To learn from this poll evidence that Latino voters are not a bloc in a white heat to dictate an open border opens up remarkable possibilities for radical change in the politics of immigration. There seems to be almost no intra-Latino debate on immigration issues, at least not in public. It is time for Hispanic leadership from outside the ranks of the paid lobbyists at La Raza and MALDEF to articulate a modern version of the Chavez conception of an immigration policy and stance that is beneficial to Latinos legally in the country and takes as a starting point the control and limitation of human flows across our borders.
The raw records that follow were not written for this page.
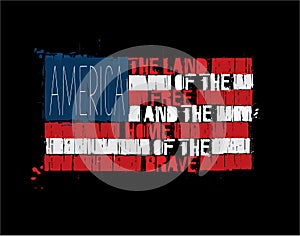 American Text Flag - America Land of the Free Home of the Brave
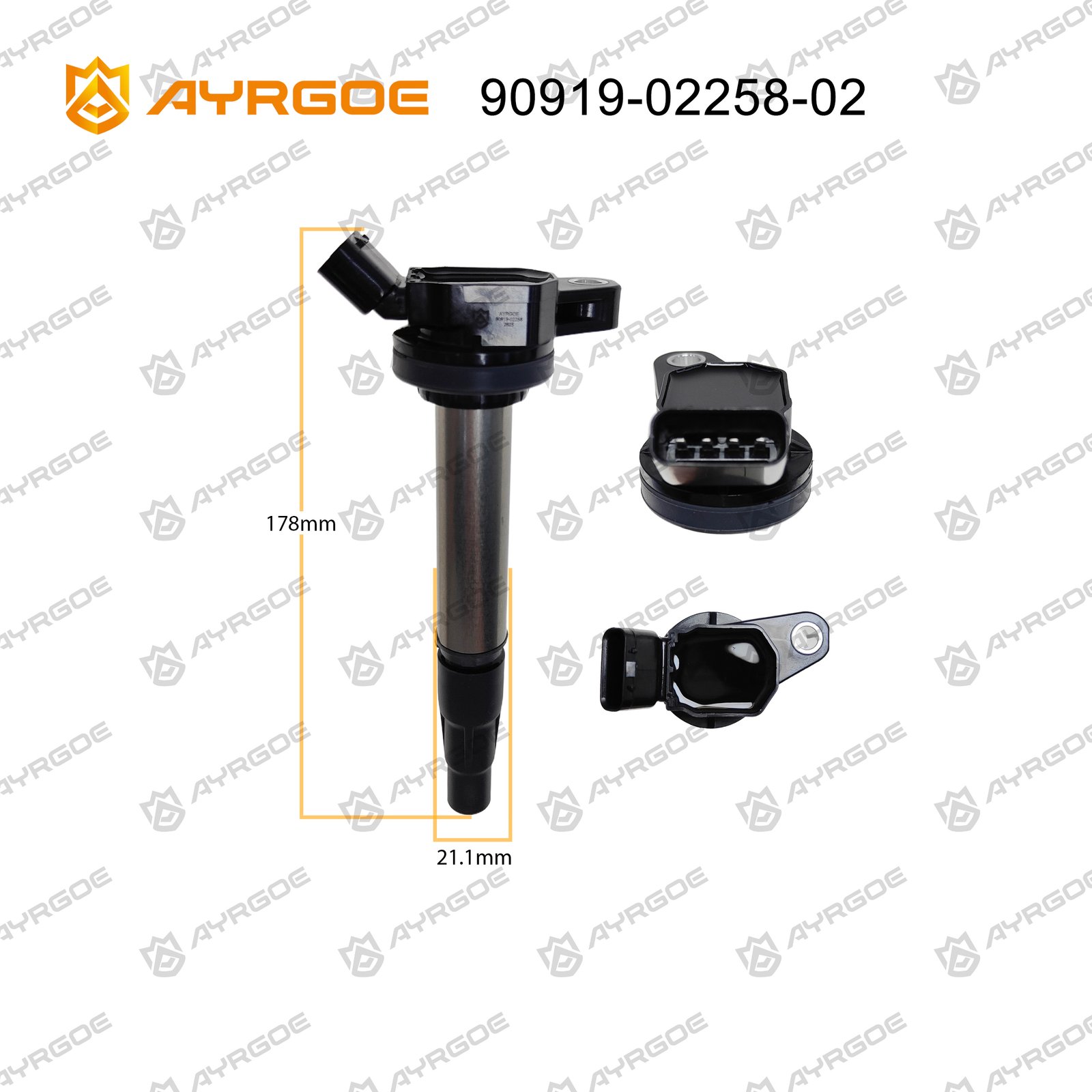 AYRGOE 90919-02258-02 Ignition Coil Toyota 1ZR-FE 1ZR-FAE 1.6, 2ZR-FE 2ZR-FAE 2ZR-FXE 1.8, 3ZR-FAE, 3ZR-FE 2.0/Avensis T270 E15 07-/Corolla ZRE18 ZRE15/Rav4 08-/Verso 09-/Yaris NCP90 ZSP90 07-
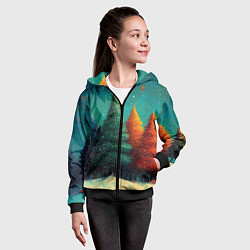 Толстовка на молнии детская Разноцветные елочки, цвет: 3D-черный — фото 2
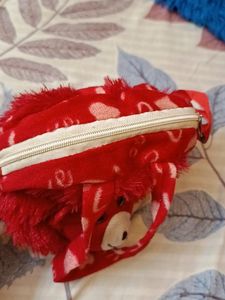 Kids Fur Red Teddy Bear Sling Bag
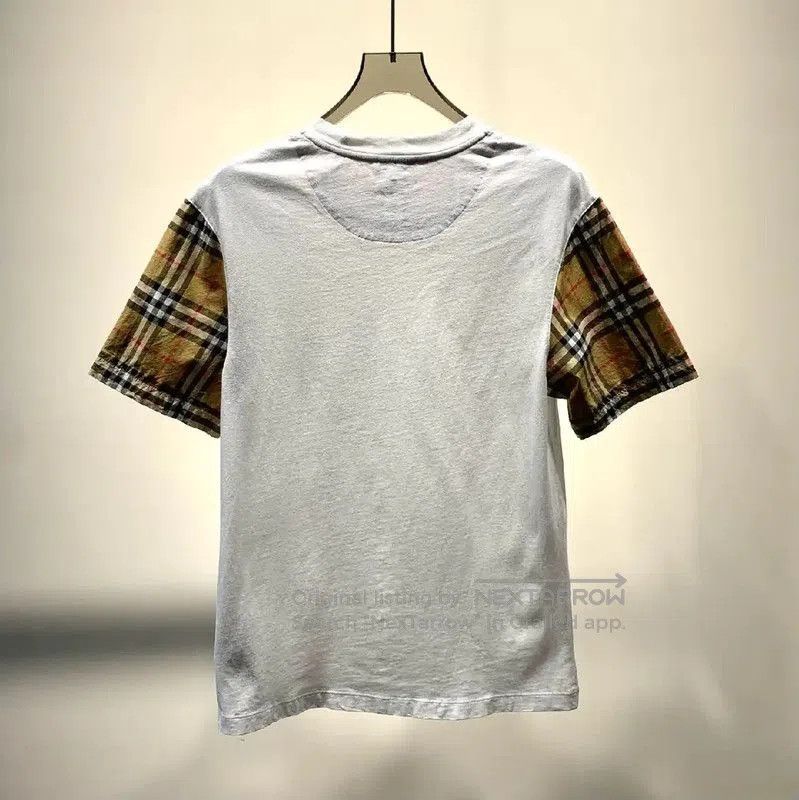 Burberry Burberry White Cotton T-Shirt with Check Sleeves. Size XS / US 0-2 / IT 36-38 - 2 Thumbnail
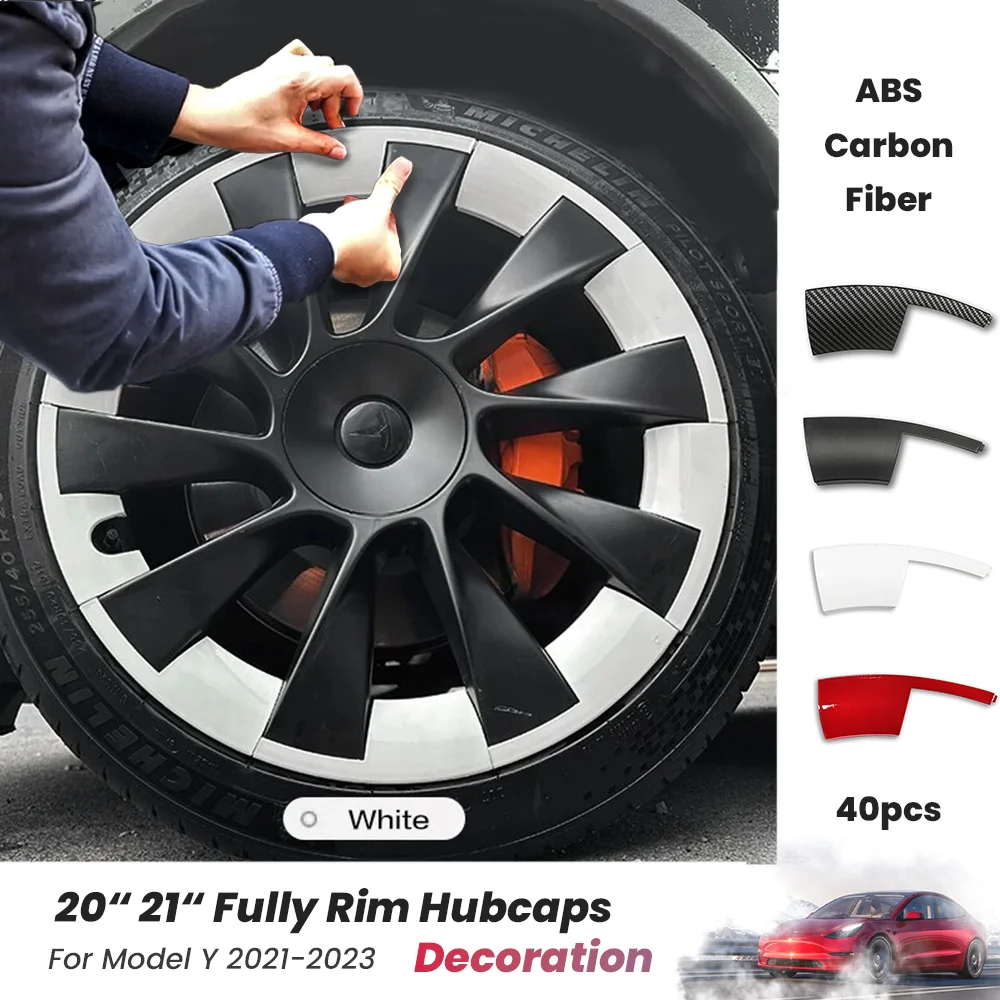 Matte White 20 inch Hub Cap For Tesla Model Y 2021-2023 Induction 21“ Uberturbine Wheel Rim Protectors ABS Modely Wheel Cover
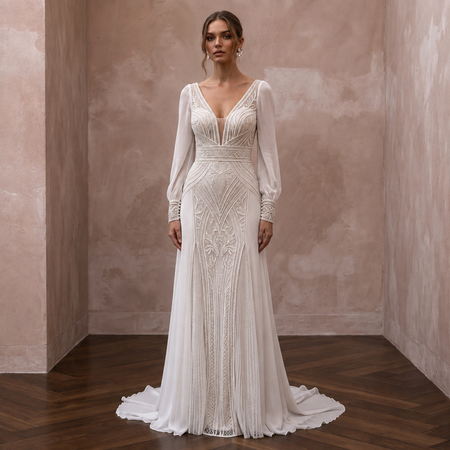 Modern Chiffon Wedding Dress for a Courthouse Elopement - Apparel & Accessories > Clothing > Wedding & Bridal Party Dresses > Wedding Dresses - Mignonette Bridal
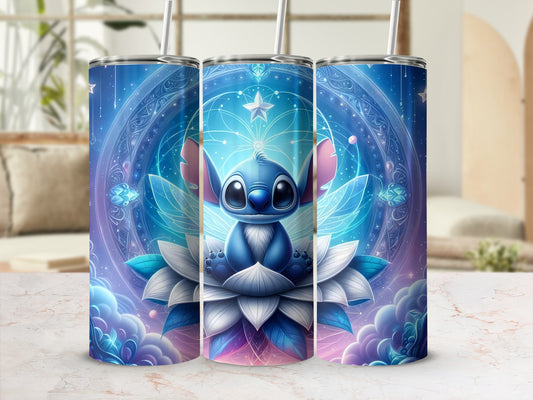 Adorable Alien Creature on Starry Flower Tumbler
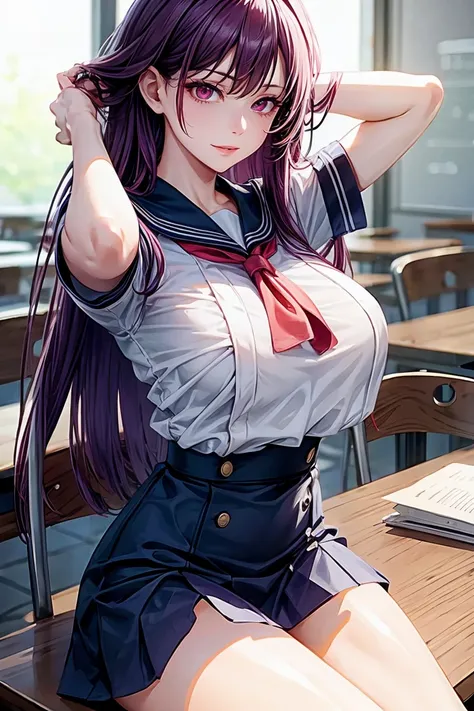 woman, sexy woman, mature female, mommy, long purple hair, red eyes, sharp eyes, detailed lips, big breast, short sleeves sailor...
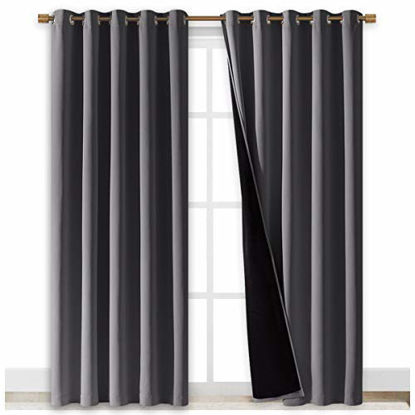 Picture of NICETOWN Grey Full Shade Curtain Panels, Pair of Energy Smart & Noise Blocking Out Blackout Drapes for Dining Room Window, Thermal Insulated Guest Room Lined Window Dressing(Gray, 70 x 84 inch)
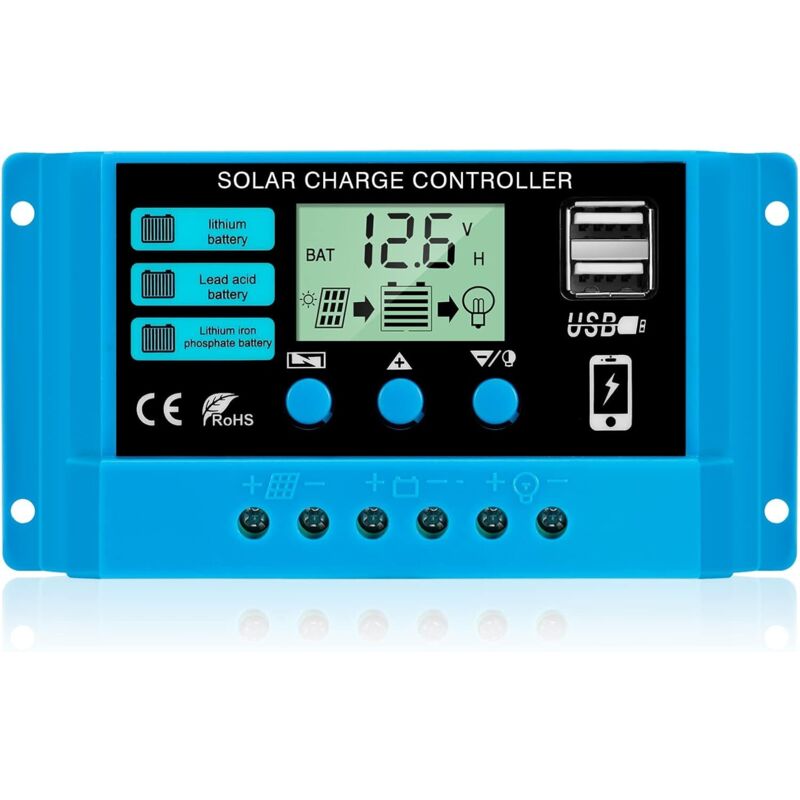 30a 12v/24v Solarladeregler, Intelligenter Laderegler Für Solarmodule Mit Lcd-bildschirm Und Usb-anschluss 5v/3a, Geeignet Für Verschiedene Batterietypen, Einfach Zu Bedienen.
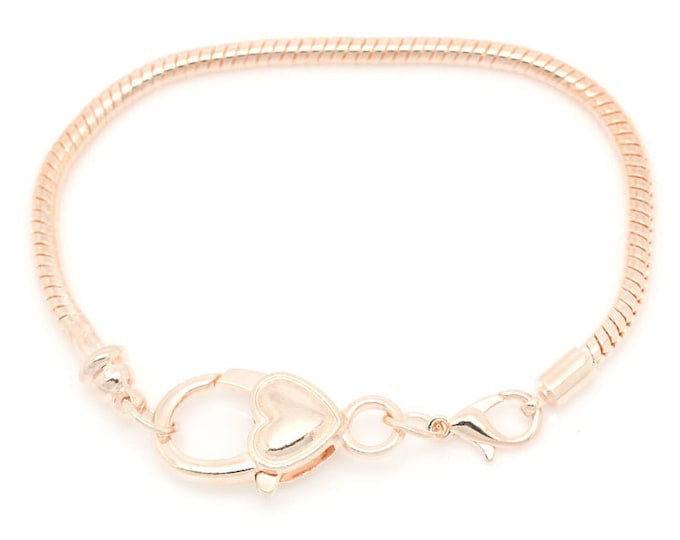 3 Rose Gold Snake Chain Bracelets With Fancy Heart Lobster Etsy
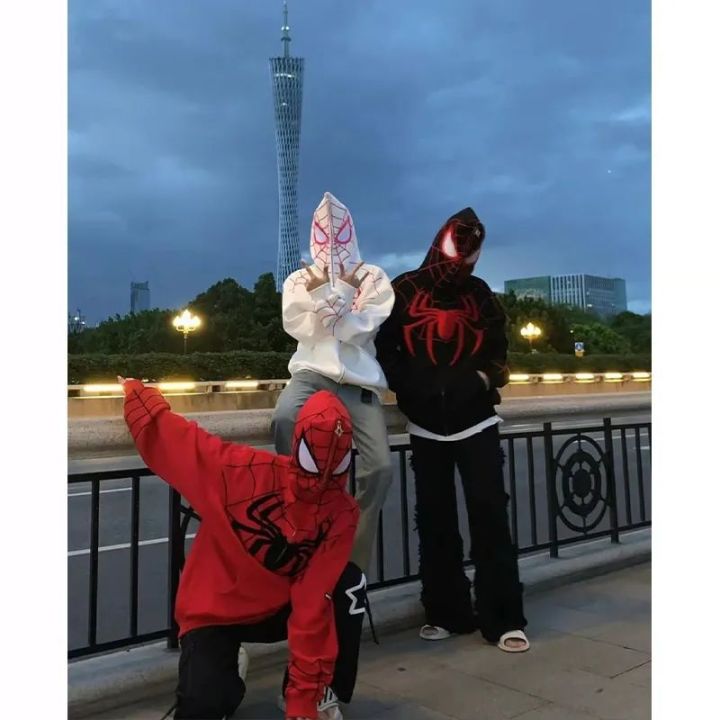 American Spider-Man Sweatshirt Men's American Hiphop Heavy Stiff Cardigan Jacket Spring and Autumn Design Hoodie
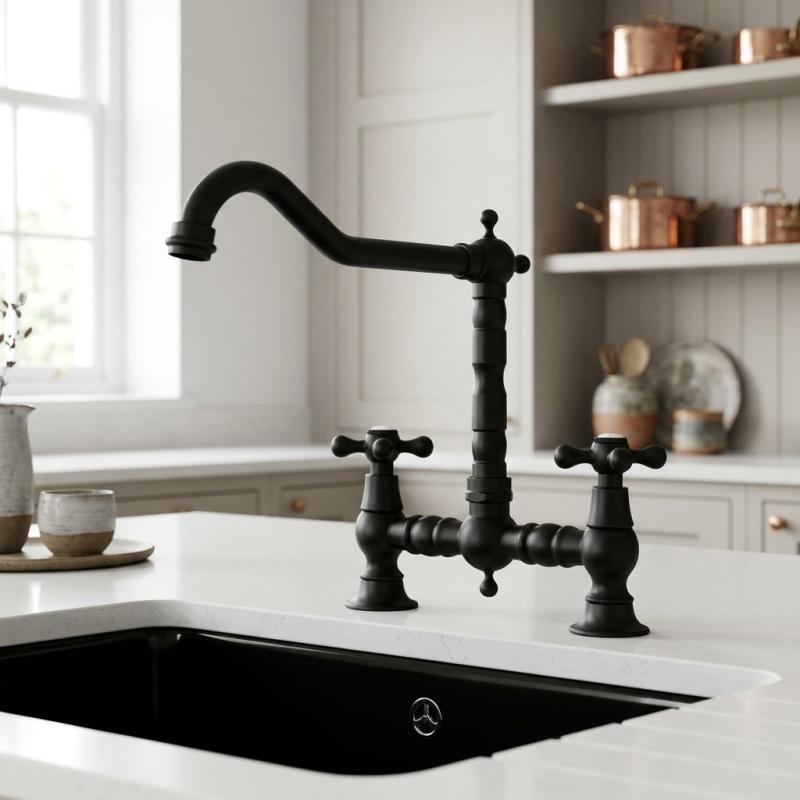 Aquanello Heritage Ascot Klassieke Keuken Nostalgische Brug Keukenkraan Zwart met Kruishendels BL-0011-HM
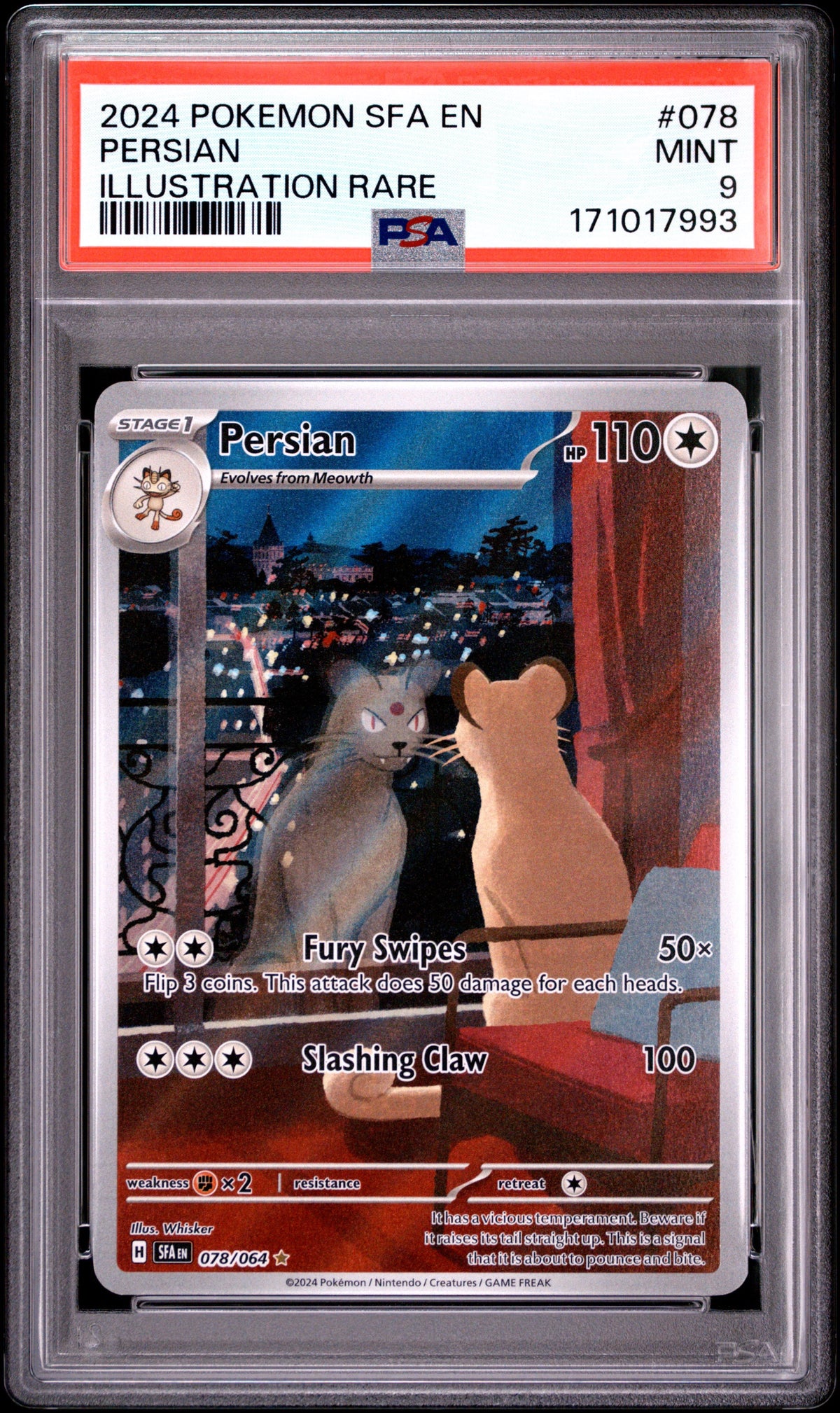 Pokemon - Persian 078/064 - PSA 9 - Shrouded Fable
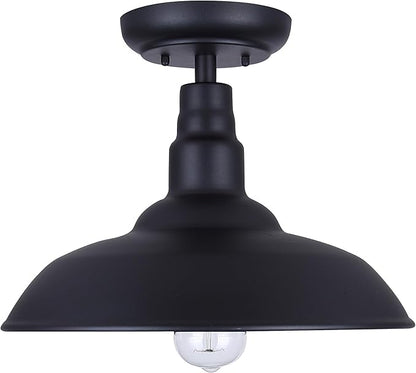Canarm Valec 1-Light Outdoor Ceiling Light, 14-Inch Black Flush Mount Durable Weather-Resistant Lighting for Porch, Garage and Entryway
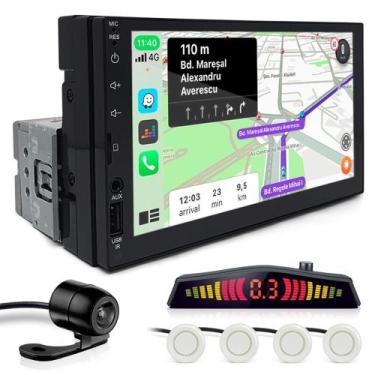 Imagem de Kit Multimídia 1 Din 7 Polegadas + Câmera Ré + Sensor Ré Pérola Fiesta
Fragmentary starts on the articulation of this vision have been made in the essays of Richard Estrada, Linda Chavez, and Luis Acle. In 1998 Hispanic journalist Roberto Suro gave the intellectual underpinning of Chavez's opposition to illegals a larger statement and more polished expression in his book Strangers Among Us. "Latinos will always be handicapped," he wrote, "so long as a large proportion of the Latino population is made up of people who have no legal standing in the U.S." He urged "punitive measures" against illegals by governments, backed by resident citizen Latinos "who must accept the fact that a large-scale illegal influx is harmful to their long-term interests." He urged "Ten years of consistent enforcement" of five- to 10-year bans on legal entry for violators of immigration law and even sponsoring kin who harbor them. The foundation of all this must be a computer-based registry system. "The wild card of illegal immigration has to be taken out of play," Suro closes his argument, and "until Latinos themselves reject illegal immigration they can never conclude the essential transaction that will win them acceptance" in America.

* * *

Building the intellectual foundations of a modern Cesar Chavez Intellectual must be followed by political leadership, which may be coming forward in the rising careers of Florida Sen. Marco Rubio and New Mexico Gov. Susana Martinez, prominent among those Latino politicians who seem to be searching to rediscover a rule-of-law-compatible immigration language and policy with which minorities could move more smoothly into the mainstream.